For a 7-on-7 extra point, the 2018 Gardena (Calif.) Serra receiver was thrown a jump ball. He leapt up over the defender, snagging the ball with his right hand and pulling it down for a one-handed score while the defender’s soft helmet flailed off as he stumbled to the ground.
On the next offensive possession, Smith faked out the defender with a comeback route, but the throw was late and thrown in the danger zone inside. Smith helped save his quarterback, fighting for the ball and ultimately catching the pass that was deflected by a diving corner, hit off Smith’s hands as he tried to scoop the low throw, bounced off the defender’s back where Smith snatched it as he was falling to his back for a catch.
The next ball thrown to Smith was high and away from him on a slant route, but he reached up and yanked in the ball once more. At every turn, Smith added more acrobatic catches. He ran a comeback and laid out to keep a short throw from hitting the ground.
His final catch was likely his most impressive. Smith pushed the Cover-2 safety high before breaking to the back pylon on a beautiful corner route. Even though he had worked his way open by multiple yards, the throw was long. Smith began raising his hands during his final two steps. He fully extended his arms in the middle of lunging stride. The tip of the ball hit the middle of his fingers on his right hand. He wrapped the left hand around the ball as well. Then his feet tapped down at the same time, giving him an NFL-worthy reception.

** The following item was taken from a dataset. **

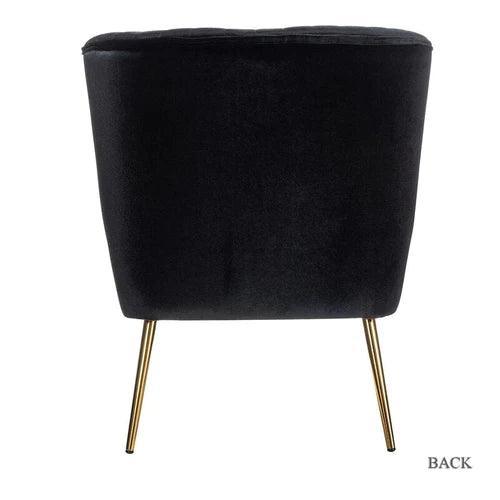 Modern Wide Tufted Velvet Wing Chair for Living Room (Metal Legs) - WoodenTwist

The 6-foot-2, 178-pound four-star said his strong performance — the best single game effort we’ve seen this spring — came from mimicking his namesake, Kobe Bryant: “It was just Mamba mentality -- finish the game off strong. Showed my ball-catching skills, route-running skills and ability to adjust to the ball. All types of things.”
He’s motivated this offseason by the perception that some seem to have of him making a highlight catch but then disappearing for stretches. It’s something he wants to flip.
“I want to change people's mindset,” Smith said. “I just want to be one of those people where if they say something about me, then the response will be, 'He's just a guy that goes hard all the time. You always see great plays from him. Nothing else.’”
One of the things Smith is focusing on this offseason is the mental aspect of the wide receiver position. He has worked on how to run his routes with two or three varieties based on how the defense is playing him.
“Looking at the DBs footing, looking at his alignment and stuff like that. So attention to detail.”
Those same details are what Smith will be paying attention to the next time he makes it up for a USC practice. He’s hoping to return to Howard Jones Field for one more practice before spring ball ends. He hoping to learn more specifics about the USC receiver positions.
“Just more about what they expect from their wide receivers and more of, not the physical play, but more of the mental state. How the receivers think. How they adjust to the coverages.”